Is your casual ‘smart’? Cruise ship attire…take 2
There isn’t a cruise travel web site or discussion board that isn’t full of questions from first-time cruisers (and even more seasoned cruisers trying out a new cruise line) that doesn’t have a slew of questions about the appropriate things to wear on board. And we say, “Bravo!” to everyone who cares –because we’re here to tell you that not everyone does! Our April cruise taught us that lesson. Yikes!
The last time we took on the subject of the dizzying array of sartorial monikers in our discussion of dressing for dinner on board cruise ships, we reviewed some of the definitions of the various levels of dress expected (permitted?).
It’s fairly easy to figure out what to wear during the day because you really need to dress for your location and the weather. If you’re in the Caribbean you’ll be more casual than if you’re visiting Rome, for example, on a Mediterranean cruise. And you’re unlikely to wear a bathing suit on deck if your cruise is leaving from Reykjavik. The most confusion is within the evening “casual” dress codes because day-time casual won’t cut it. So, we thought we’d provide a bit of sartorial guidance – based on our ever-present agenda of generally improving the dress and behavior of tourists everywhere (Do we need to say it one more time? White sneakers are for the gym. Do you know what an embarrassment you are for your countrymen? You know who you are.)
What the heck is ‘smart casual’?
Could the cruise lines have chosen a more oxymoronic way to describe what kind of ambience they’re trying to create in the evenings?
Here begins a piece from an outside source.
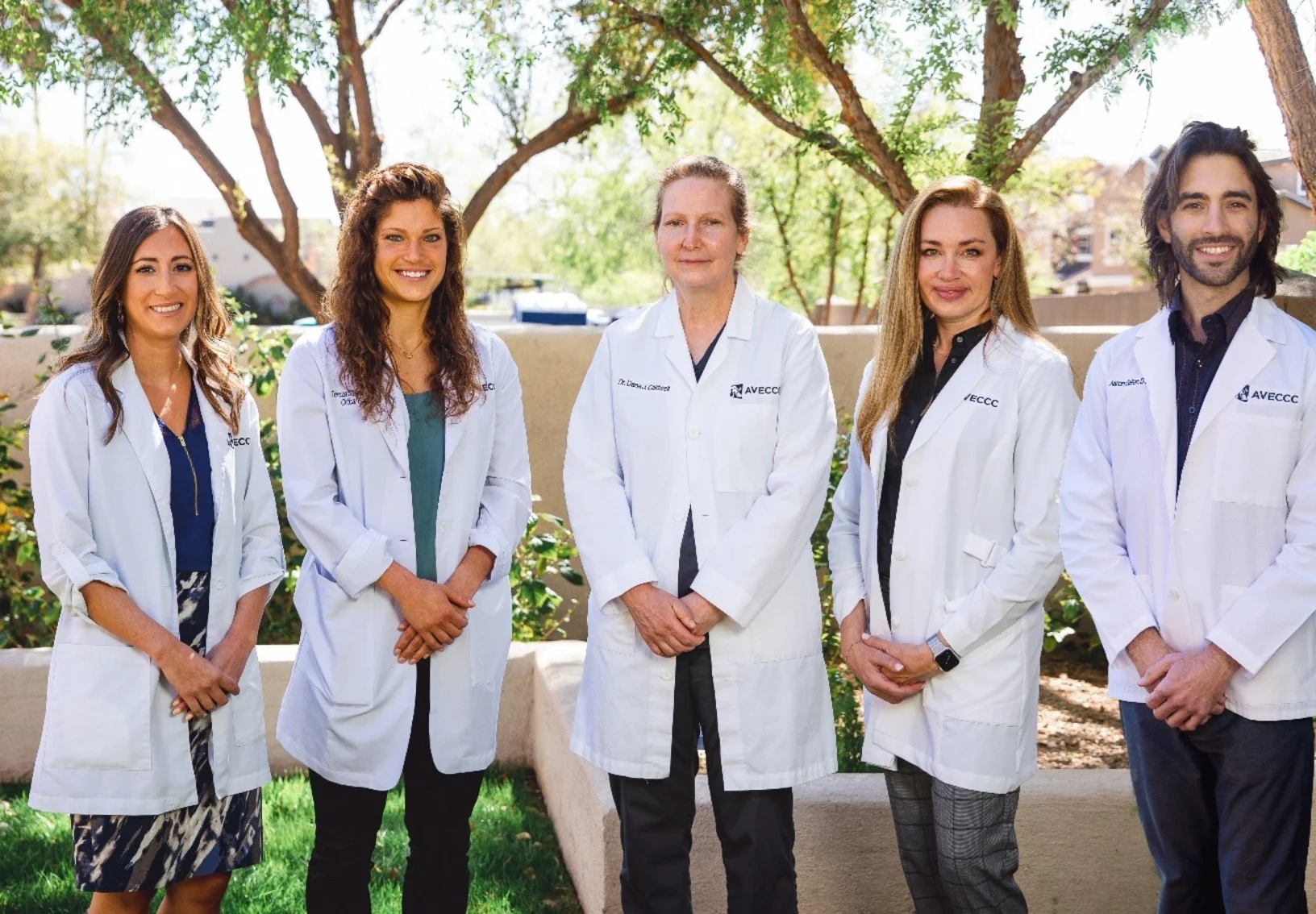 4 Arizona Veterinary Emergency & Critical Care Center staff members in white lab coats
There is usually nothing whatsoever ‘smart’ about casual. What’s important to understand here is the objective: when a cruise line says smart casual for evening, they’re trying to have a laid-back vibe that doesn’t encompass what you’d wear on Saturday afternoon at home on the couch quaffing a beer and watching the game. There should be more emphasis on the ‘smart’ part than the ‘casual’ part. Step it up a bit, people.
Although the cruise lines try to define what they mean, we think people need pictures and a list of what not to wear (with apologies to Stacey and Clinton from the TLC television show of the same name). Here are the things you should not wear on smart casual night:
- Flip-flops. How many times does it need to be said? Flip-flops are not real footwear.
- Ripped jeans. On the cruise lines we prefer, jeans are not permitted in the dining room in the evening ever, even without rips. Just leave them for the day time please.
- T-shirts without collars. These are for the daytime. The very least you can do is pack a golf shirt with a collar.
- Shorts, unless you’re a model and the shorts are Bermuda length.
- Bare stomachs. We just put that one in because we think bare stomachs should be relegated to the beach and the pool – and even then only if you actually look good in that kind of beach wear.
- Pedal pushers. This is the odd length of female trouser that flatters no one. If you wear a slightly high heel, you can get away with a cropped, narrow pant. That can look modern, but if you’re in doubt, wear either a casual skirt or a pair of full-length pants.
Then what’s ‘elegant’ casual?
Some of the luxury cruise lines have a dress category that they like to call elegant casual. We like the sound of that, and although they do have a definition, most people on board the six-star lines have no need of explanation. This is what they’d wear out to a casual dinner at home. It’s a step up from the smart casual look, and just makes the ambience of the evening that much nicer without having to get dressed up as in the more formal evenings.